In der EU setzt man ebenfalls auf politische Militarisierung. Während die Rüstungsindustrie boomt, mit dem Trend zur Kriegswirtschaft, zitiert EU-Außenamtschef Josep Borrell den lateinischen Spruch "Si vis pacem, para bellum", "Wenn man Frieden will, muss man sich auf den Krieg vorbereiten", während die EU-Kommission zum ersten Mal eine "Defense Industrial Strategy" ("Industriestrategie für den Verteidigungsbereich") vorgelegt hat.

Dabei wird der Schwerpunkt von klima- auf verteidigungsbezogene Projekte verlagert, der Green Deal heruntergestuft und der Europäische Souveränitätsfonds – eine Antwort auf Konjunkturprogramm IRA der Biden-Regierung in den USA – von zehn auf 1,5 Milliarden Euro gekürzt.

Militär geht heute eben vor, gespart wird bei Sozialem, Jobs und der Energiewende. Geld, was für Panzer und Kampfjets, Munition und Raketen verwendet wird, kann eben nicht mehr für Gesundheitsversorgung, Schulen, die Förderung von Wind- und Solarkraft oder den Schutz vor Armut ausgegeben werden. Auch, wenn davon unsere Zukunft abhängt.

Regierungen und Parlamente sollten diesen gefährlichen Prozess der Militarisierung nicht weiter fortsetzen, ihm einen Riegel vorschieben und zugleich die Sorgen der Bürger:innen in den Fokus nehmen – um nicht noch mehr Rechtsentwicklung in Europa wie in den USA zu züchten.

Wer will schon Partycrasher sein

Die Kriege in der Ukraine und Gaza, die Eskalationen mit dem Iran und China, müssen deshalb gestoppt werden, so schnell wie möglich. Denn sie sind die Haupttreiber in den großen Militärmächten, die immer mehr auf Waffen, Panzer und Kampfjets setzen.
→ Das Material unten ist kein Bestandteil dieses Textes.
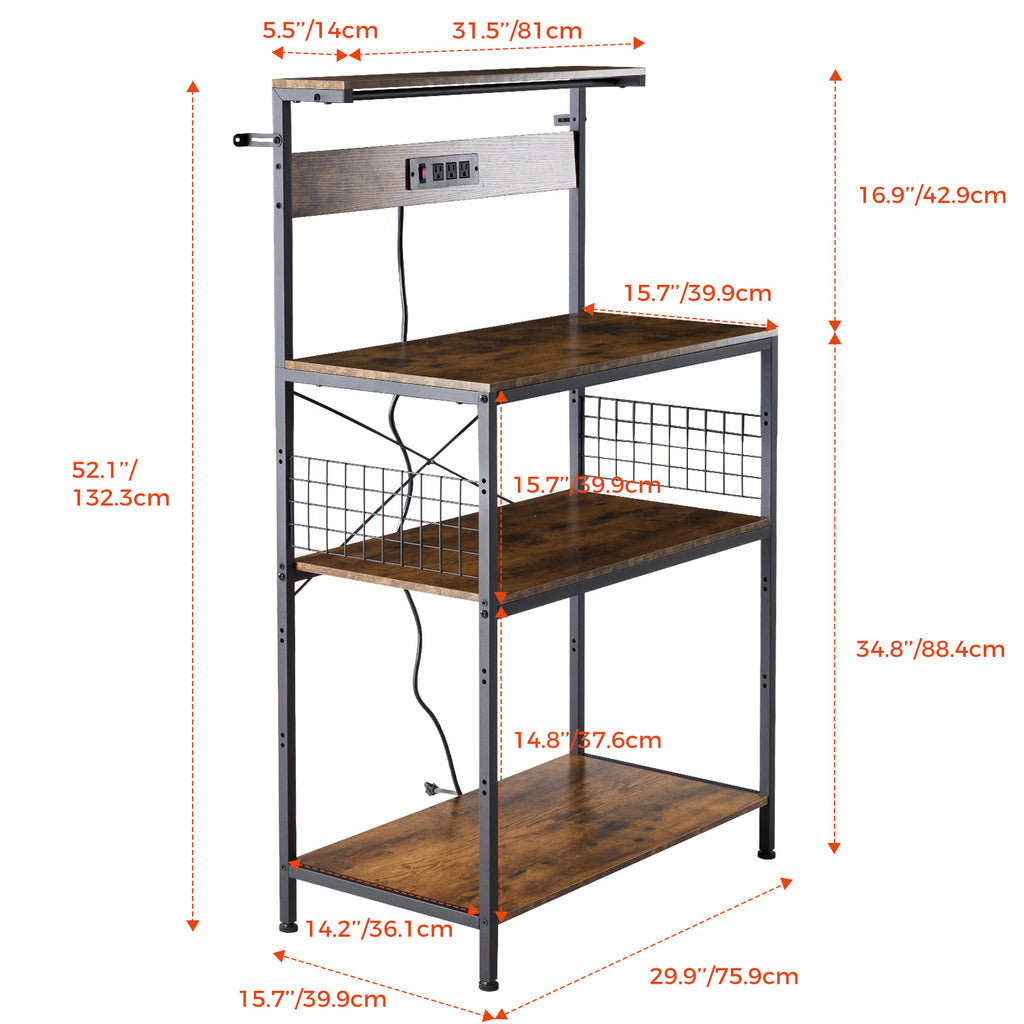 VANECL Kitchen Baker’s Rack with Built-In Power Outlet, Adjustable Open Storage Shelves Wood & Metal Coffee Bar Station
Nur so kann der Party der Rüstungskonzerne der Stecker gezogen werden. Auch wenn sie es nicht offen sagen: Sie lieben Krieg und Konflikt, denn das bringt ihr Geschäft zum Blühen.

Die Menschen wollen aber das Gegenteil. Sie haben Angst vor Kriegen. Sie wollen Frieden und zivile Konfliktlösung. Sie wollen gesellschaftliche Wohlfahrt und einen angemessenen Lebensstandard.

Darauf sollte sich die Politik konzentrieren. Aber in der derzeitigen hysterischen Stimmungslage gibt es leider nur wenige, die den Mut besitzen, im Zweifelsfall als "Partycrasher", Putin-, Hamas-, Mullah- und sonstige Autokratie-Versteher an der Pranger gestellt zu werden.

Herdenverhalten gibt es eben nicht nur an Börsen, an denen Waffen im Moment gerade sehr gut laufen.